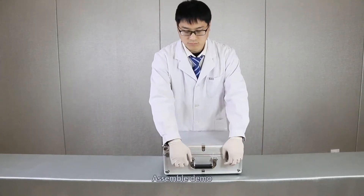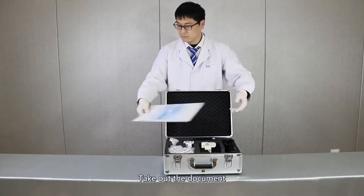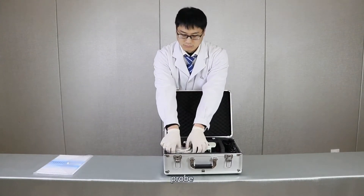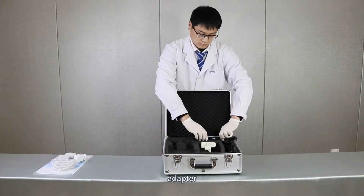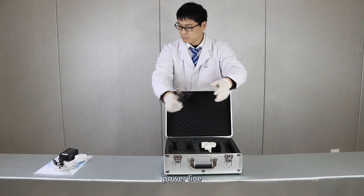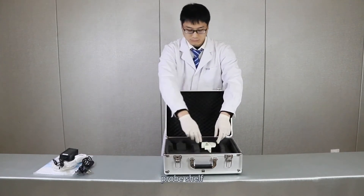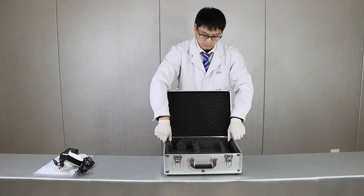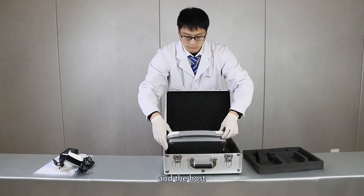Assemble demo. Open the packing case and take out the document, prop, adapter, powerline, screwdriver, prop shift, and host.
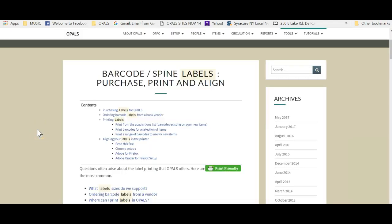I hope that this tutorial has been helpful. As needed, please consult our notes for labels on the OPALS help pages at help.opalsinfo.net. Thank you.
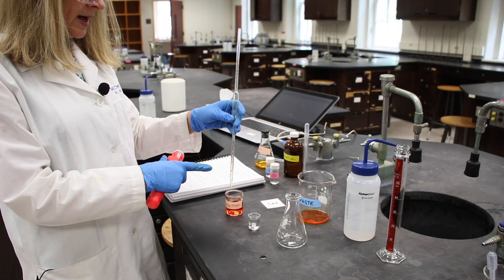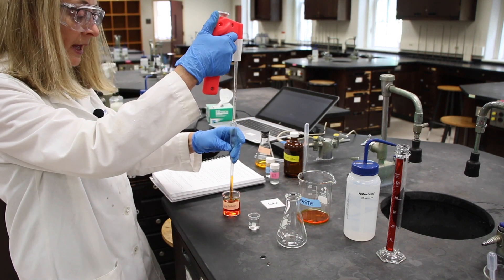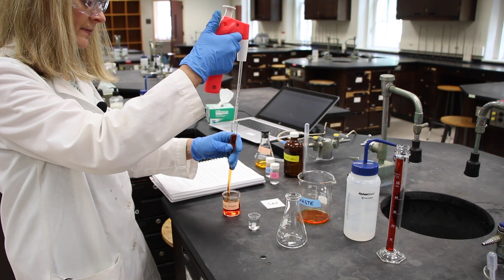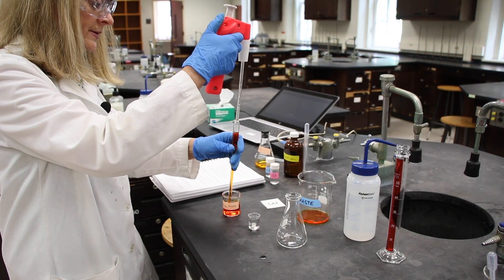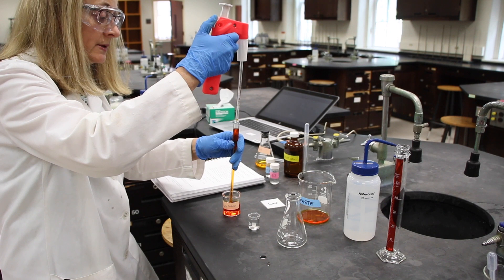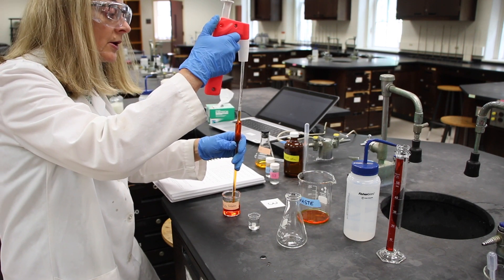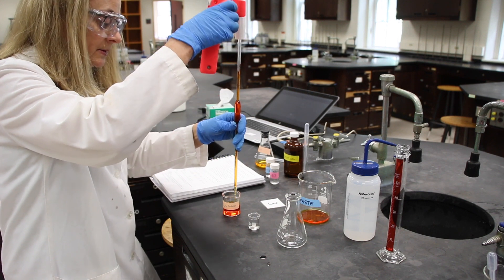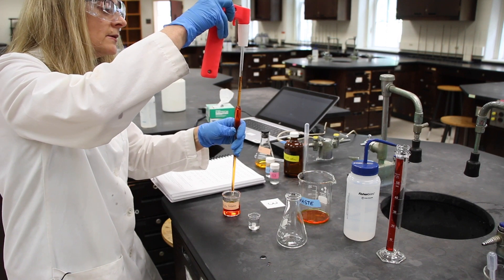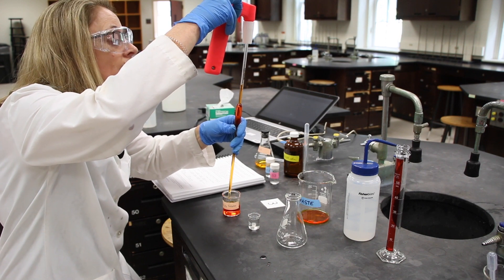Now that I've normalized my pipette, I can now pipette a 10 milliliter sample into my Erlenmeyer flask. All of this potassium dichromate solution — anything that contains it — must be put in a waste beaker, and at the end of the experiment we are going to dispose of that in hazardous waste. Chromium is a very toxic compound and cannot go down the drain.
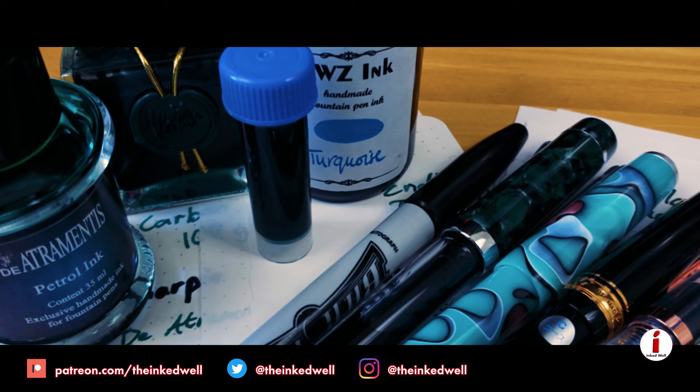Most importantly, thank you guys for watching. Thank you for sticking around to the end of the video. Comment down below which paper you think is the best, and where you think maybe I got it wrong. Like I said at the beginning, there's no better way to start a war in the fountain pen community than with paper — so let's see what we get on this one. If you like the video, click that like button, or if you didn't like it, well, you know what to do. Either way, if you're a new person, hit subscribe and keep an eye out for more videos. And if you want to support the channel, head on over to patreon.com/theInkedWell and become a patron — it means a lot. Also, follow the channel on Twitter and Instagram at the Inked Well. That's all for this week. I'll see you next time.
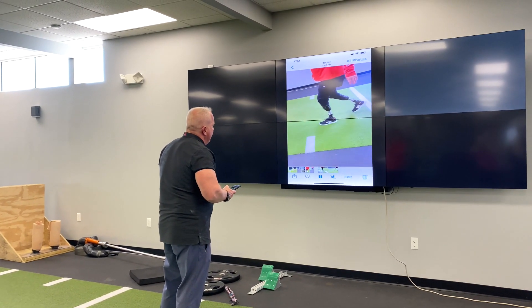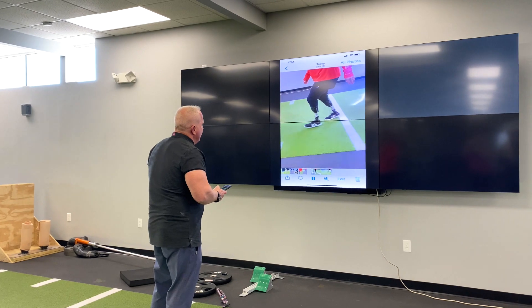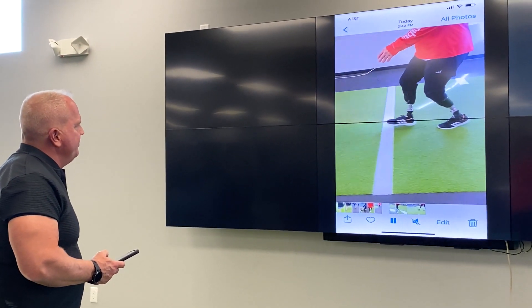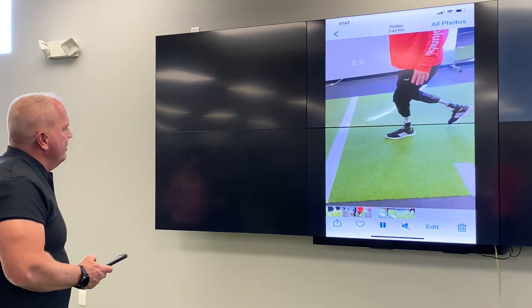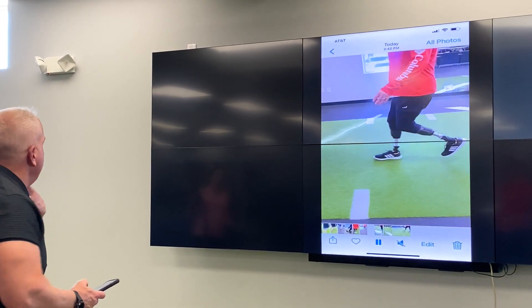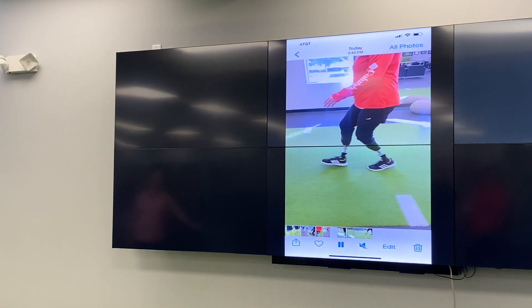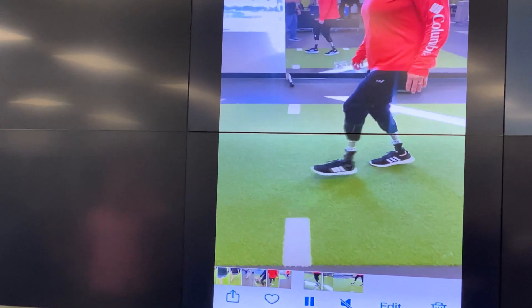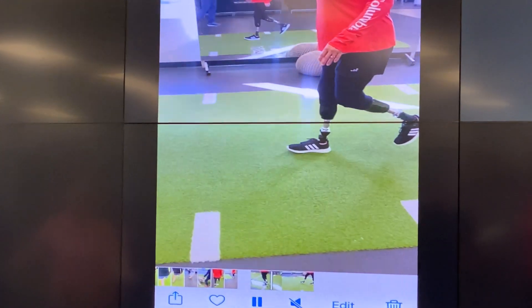See how you're able to get flat there and just almost like a defensive back backpedal. Now watch what happens when you stop and then you have that ground stability — that whole thing will sink down, just like a DB going down.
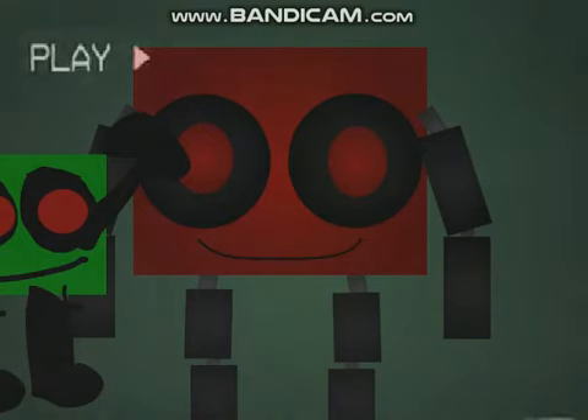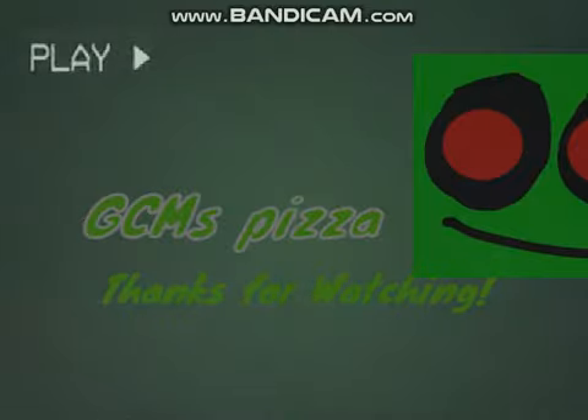Well done! You have successfully reattached Red Creeper Man's arm. Now he can perform for all the children again. We thank you for watching this tape — there is much more to come. But for now, congratulations: you are now a Green Creeper Man's Pizza starter. Good luck out there, and we'll see you next time.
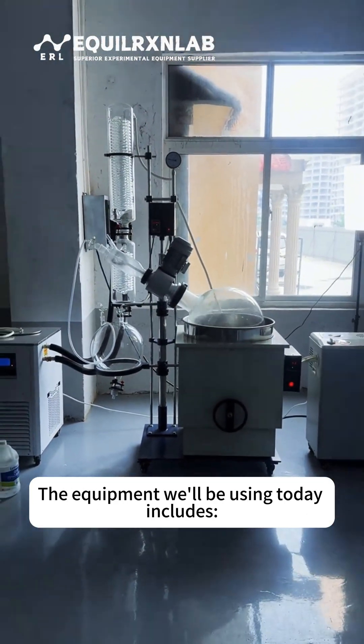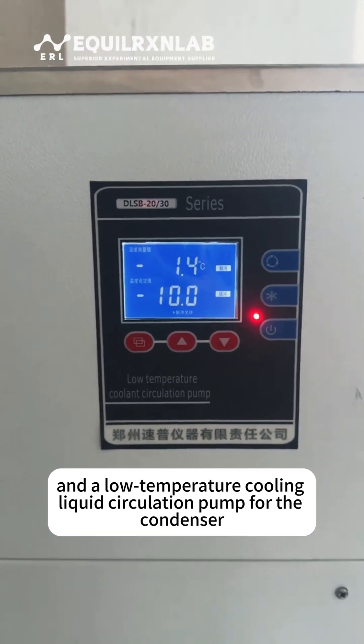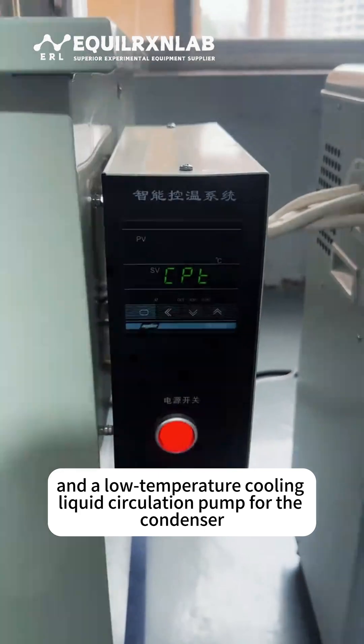The equipment we'll be using today includes a 50-liter rotary evaporator, a circulating water vacuum pump, and a low-temperature cooling liquid circulation pump for the condenser.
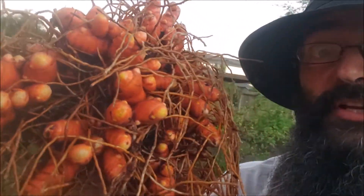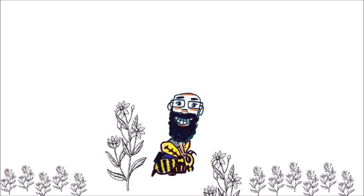Wow guys, would you look at that. It's a beautiful clone. Thank you. We'll be right back.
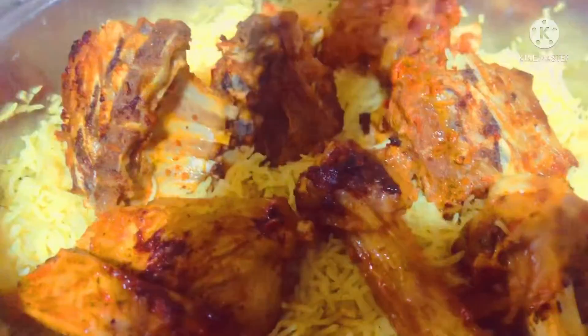Hi friends, as-salamu alaikum, welcome to all of you. Today, I am going to make a recipe for you.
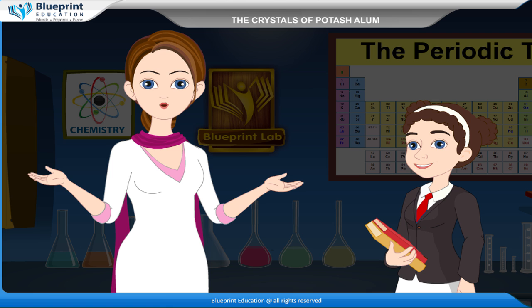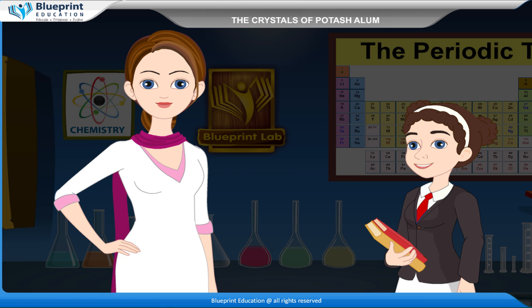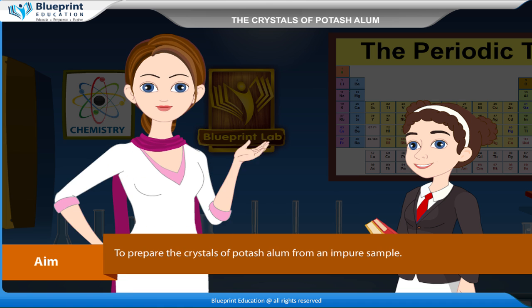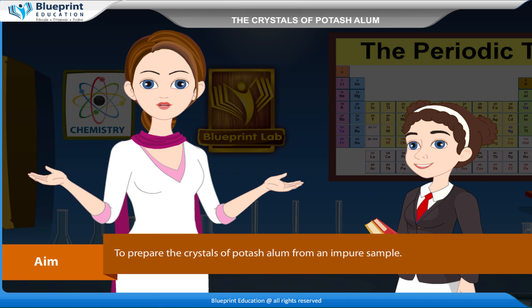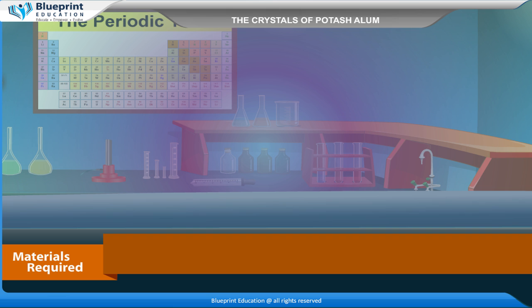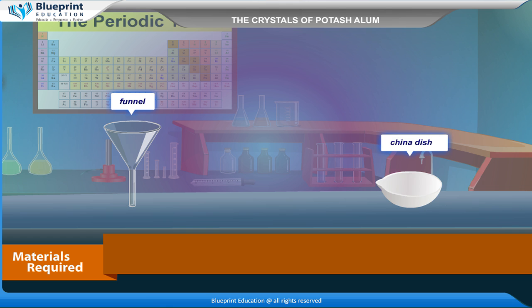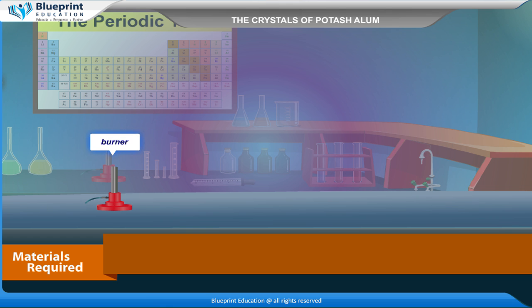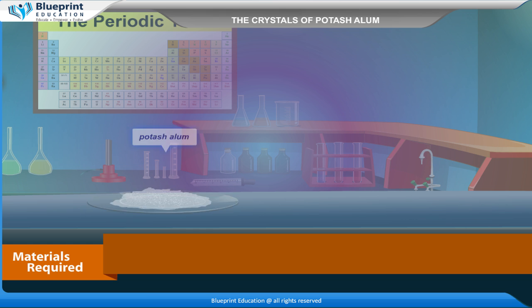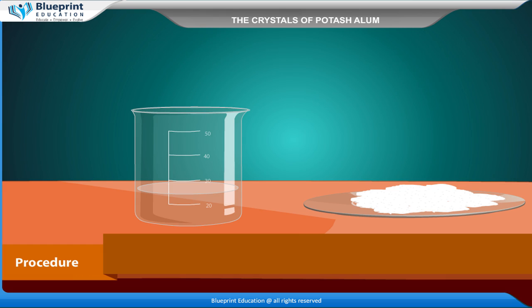Let's do an experiment to prepare the crystals of potash alum from an impure sample. Our aim is to prepare the crystals of potash alum from an impure sample. The materials required are: beaker, glass rod, funnel, china dish, burner, sand bath, filter paper, impure sample, and potash alum.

Your instructions: Give the lines again exactly, starting where the entries begin and stopping once the line with "Now that I've" is included; pictures are not copied.

Reply:
Assemble demo. Open the packing case and take out the document, prop, adapter, powerline, screwdriver, prop shift, and host.
I hope that this tutorial has been helpful. As needed, please consult our notes for labels on the OPALS help pages at help.opalsinfo.net. Thank you.
Now that I've normalized my pipette, I can now pipette a 10 milliliter sample into my Erlenmeyer flask. All of this potassium dichromate solution — anything that contains it — must be put in a waste beaker, and at the end of the experiment we are going to dispose of that in hazardous waste. Chromium is a very toxic compound and cannot go down the drain.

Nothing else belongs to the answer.